Computer Vision with Convolution Networks - OKStateACM/AI_Workshop GitHub Wiki

Convolution networks

In this example, we will attempt a similar problem as the first example with the MNIST dataset. We will attempt to classify images. Rather than identifying digits in the MNIST dataset, we will use the CIFAR image dataset, which contains thousands of images of ten different objects. Our network will learn to recognize what is in the picture. This is the goal of object recognition and a large part of the computer vision field.

CIFAR images

cifar images

Introducing convolution layers

While the basic network in our first example can be used for this task, as the number of samples increases and the number of different classes (objects) to be recognized increases, the fully-connected network layers start failing. It takes longer to train, and the performance starts to degrade.

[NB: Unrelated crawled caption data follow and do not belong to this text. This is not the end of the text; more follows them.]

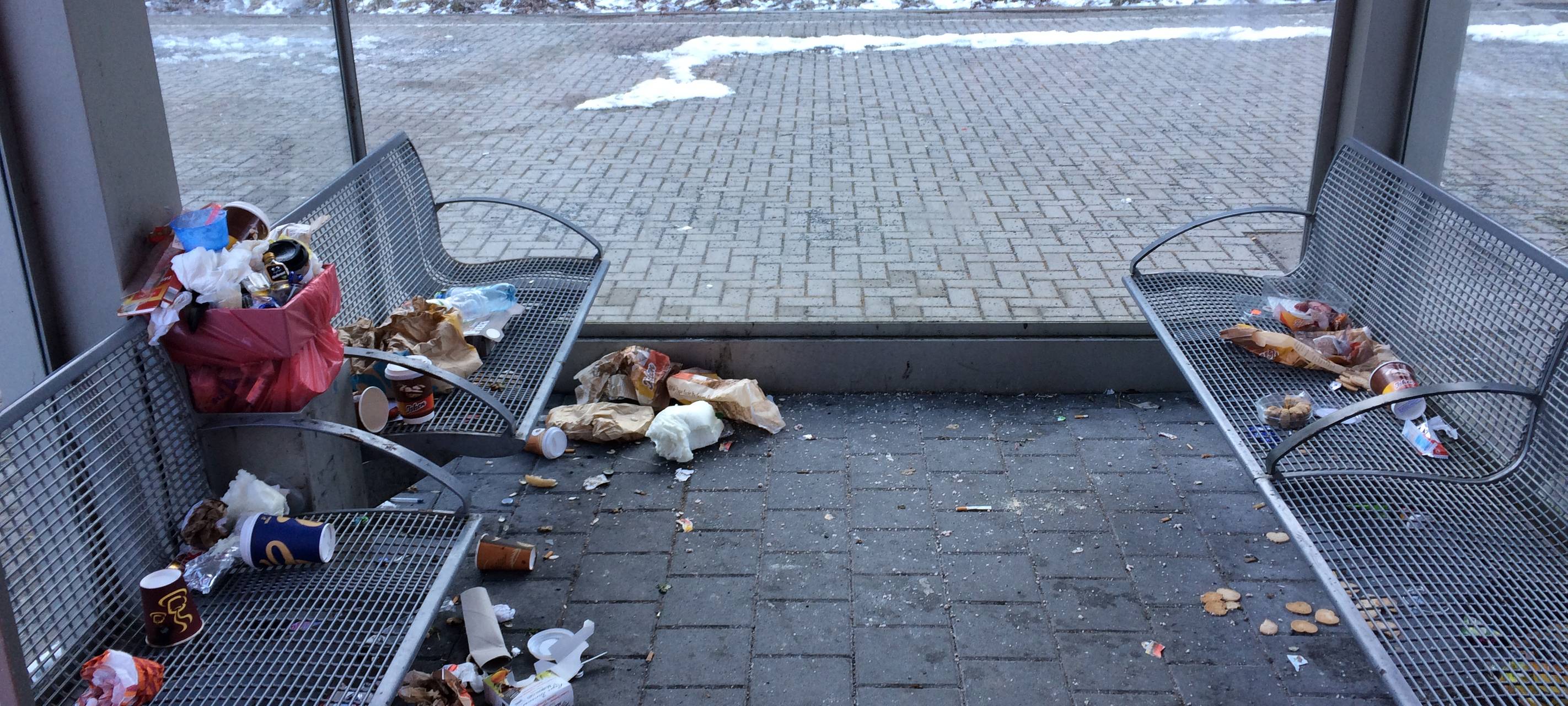 Müllversiffter Bahnhof / Haltepunkt in Marsberg-Bredelar.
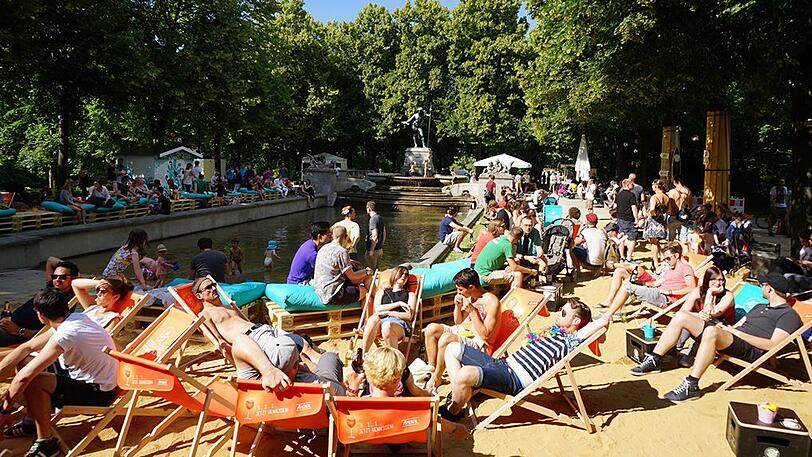 Der beliebte Kulturstrand will am 15. Juni statt wie die letzten Jahre am Vater-Rhein-Brunnen auf dem Isarbalkon an der Corneliusbrücke eröffnen.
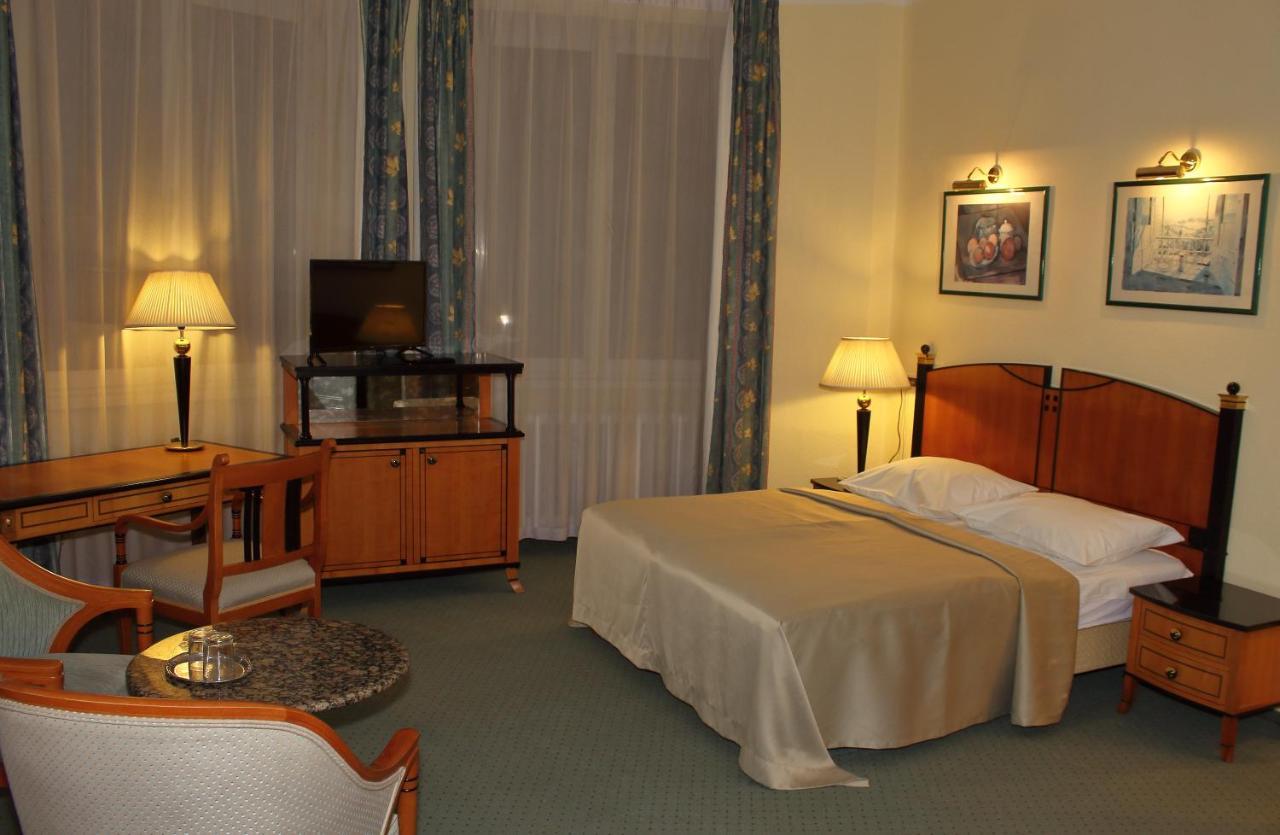 Hotel Central Nagykanizsa Bagian luar foto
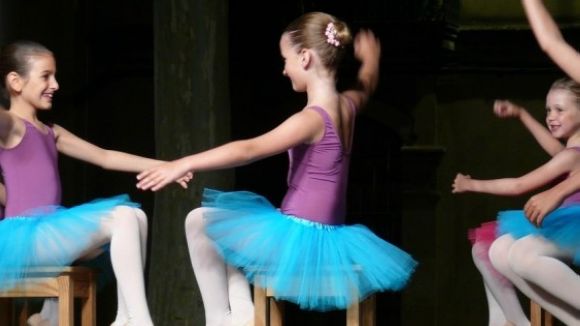 La música i la dansa de Fusió converteixen el Teatre-Auditori en un parc imaginari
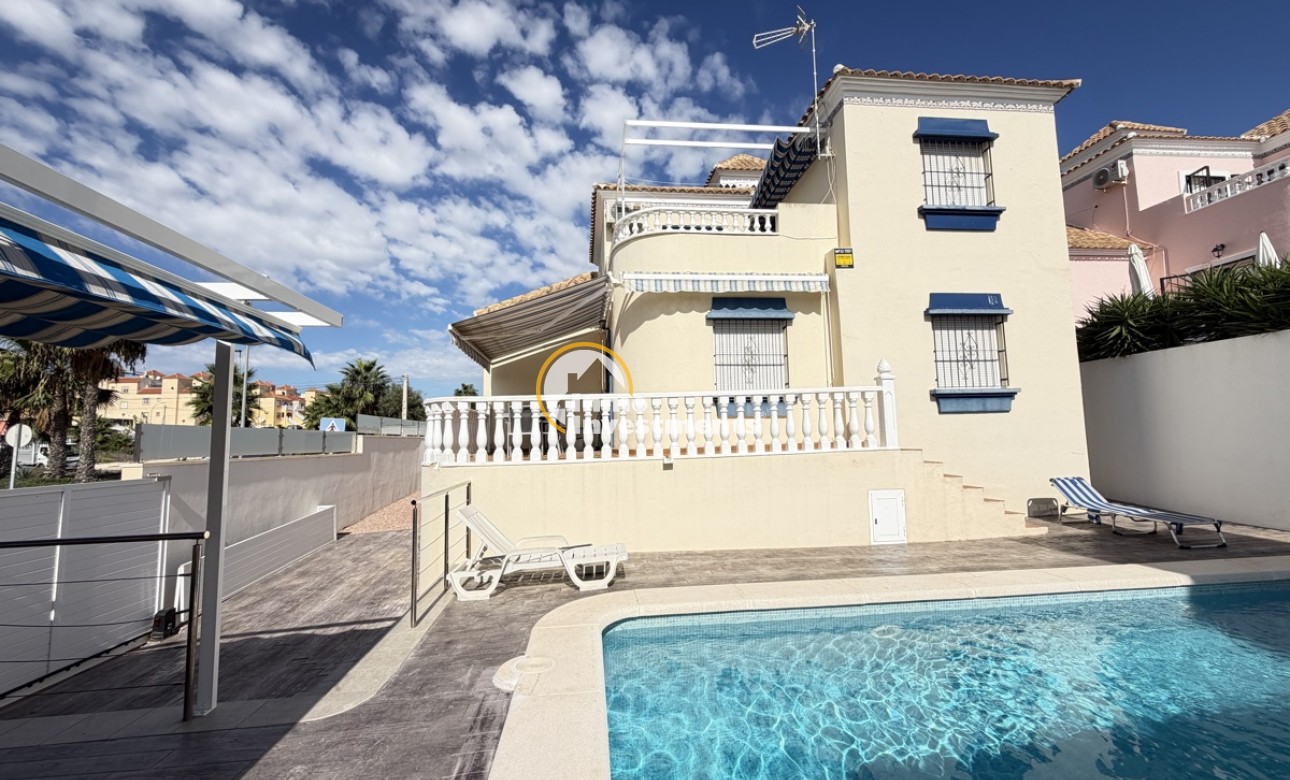Reventa - Chalet independiente - Villamartin - Bosque de las Lomas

Convolution layers are another functional element that we can add to neural networks. They work similarly to how image filters work in applications such as Photoshop and GIMP. Let's take a look at how a simple blur filter works.

box blur

For every pixel in the original image, a filter is passed over it. the new value is the result of averaging all the color values of neighboring pixels in an n×n sized square.

Another blurring technique, called Gaussian blur, works very similarly. A square box is used for every pixel in the original image, and a new pixel color is produced by averaging all the pixels in the box. The difference is that each pixel in the filter is weighted based on how far away it is from the center. In effect, pixels closer to the center affect the output more than those farther away. This leads to a more natural blurring, and avoids artifacts that can be present in the box blur.

convolution filter

a single convolution layer shown, with an input image, weights, and output pixel

A convolution layer is a similar process. An n×n square is used for every pixel. Every pixel in the filter square has a weight of how much it contributes to the final output. A convolution layers would effectively be a box blur if all of the weights were the same. Additionally, a convolution layer could effectively be a Gaussian blur if the weights in the center were stronger than the weights towards the edge. By passing this filter over every pixel in the original image, we generate a new output image with some convolution filter applied. Many other filters work this way, from blur filters, to edge detection filters, and many more.

Convolution layers leave the weights as trainable parameters. This means that the network will learn what filters would benefit it in its task. For instance, an edge detection filter might help to see outlines of shapes. A blur filter might help to see overall color regions. And the best part is that we, as human beings, don't have to decide exactly what is needed, or how it is used. Like our previous example, we can train the weights in the convolution layer using SGD, iteratively improving the performance of the entire network by slightly tweaking the weight parameters until we are satisfied with its performance. Just as we did in the first example, we can stack multiple convolution layers on top of one another. In fact, there are many different configurations with convolution networks, and each has their merits.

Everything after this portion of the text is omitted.